Exercise inputs:
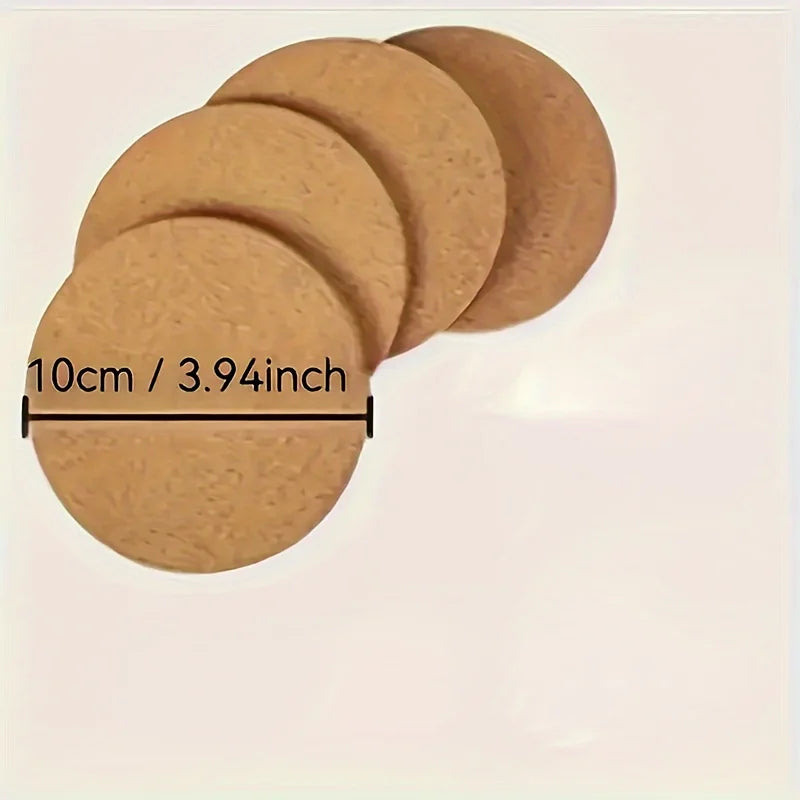Hemasa 4Pcs Kitchen Heating Pads Cork Trivet Sets/ Heat Resistant Thick Cork Coasters Hot Dishes Table Mat Round Cork Coasters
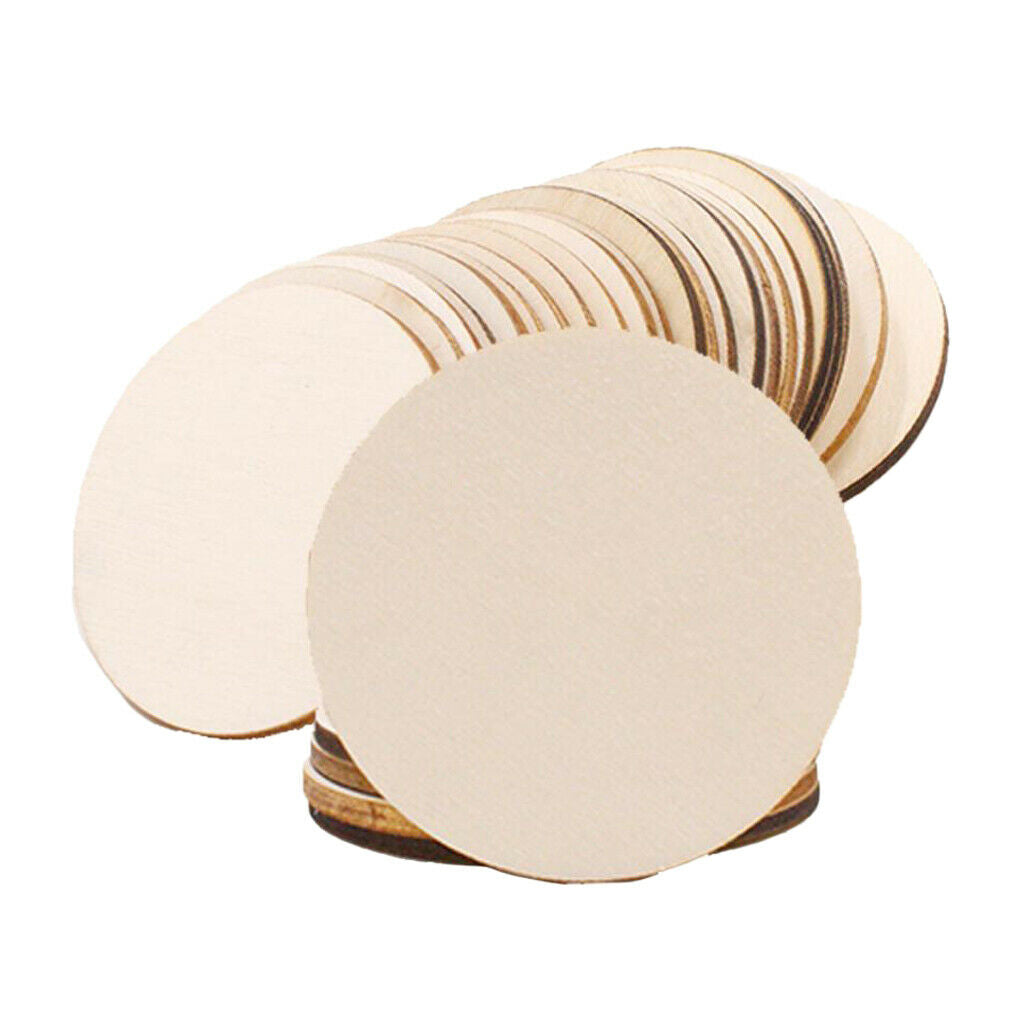25Pcs Unfinished Wood Circle Round Wood Pieces Blank Round Ornaments Wooden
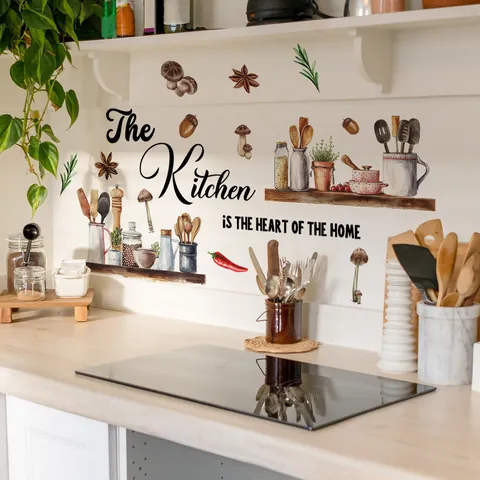 Sticker Mural De Cuisine En PVC Imperméable Avec Motif D'Ustensiles De Cuisine Et D'Épices Dessinés À La Mano Slogan The Kitchen Is The Heart Of The Home Décalcomanies Décoratives Pour Cuisine Et Salle À Manger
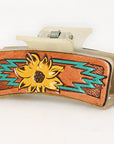 American Darling Floral Long Hair Claw Hand Tooled Carved Genuine Leather Brown Clips Clutcher Gift For Women Girls
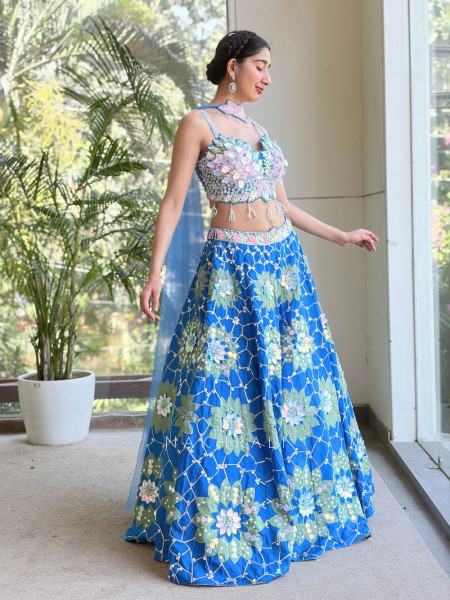 Velmira Blue Lehenga Set with Sequin Bead Work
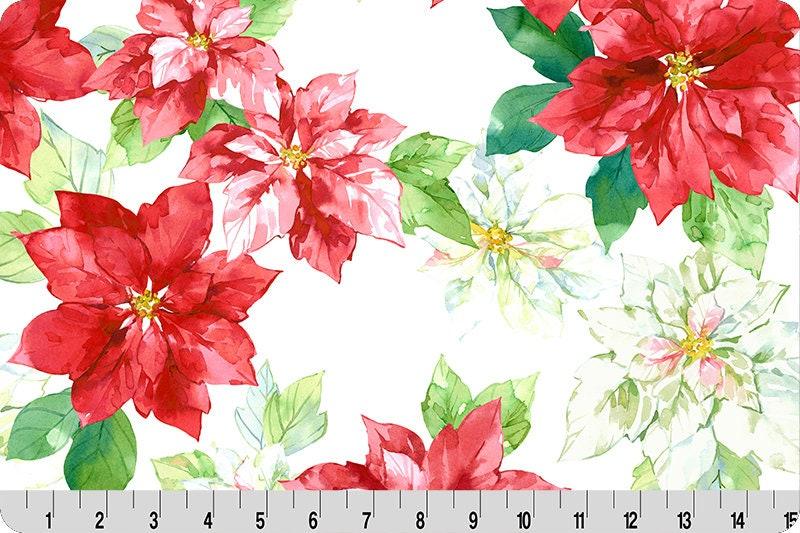 Poinsettia Minky, Digital Cuddle 60in, Shannon Fabrics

Task statement:
The lines to set down run from the line with "25Pcs Unfinished Wood" up to and including the line with "Sticker Mural De" in the entries above. Reproduce them exactly, with no pictures.

Output:
25Pcs Unfinished Wood Circle Round Wood Pieces Blank Round Ornaments Wooden
 Sticker Mural De Cuisine En PVC Imperméable Avec Motif D'Ustensiles De Cuisine Et D'Épices Dessinés À La Mano Slogan The Kitchen Is The Heart Of The Home Décalcomanies Décoratives Pour Cuisine Et Salle À Manger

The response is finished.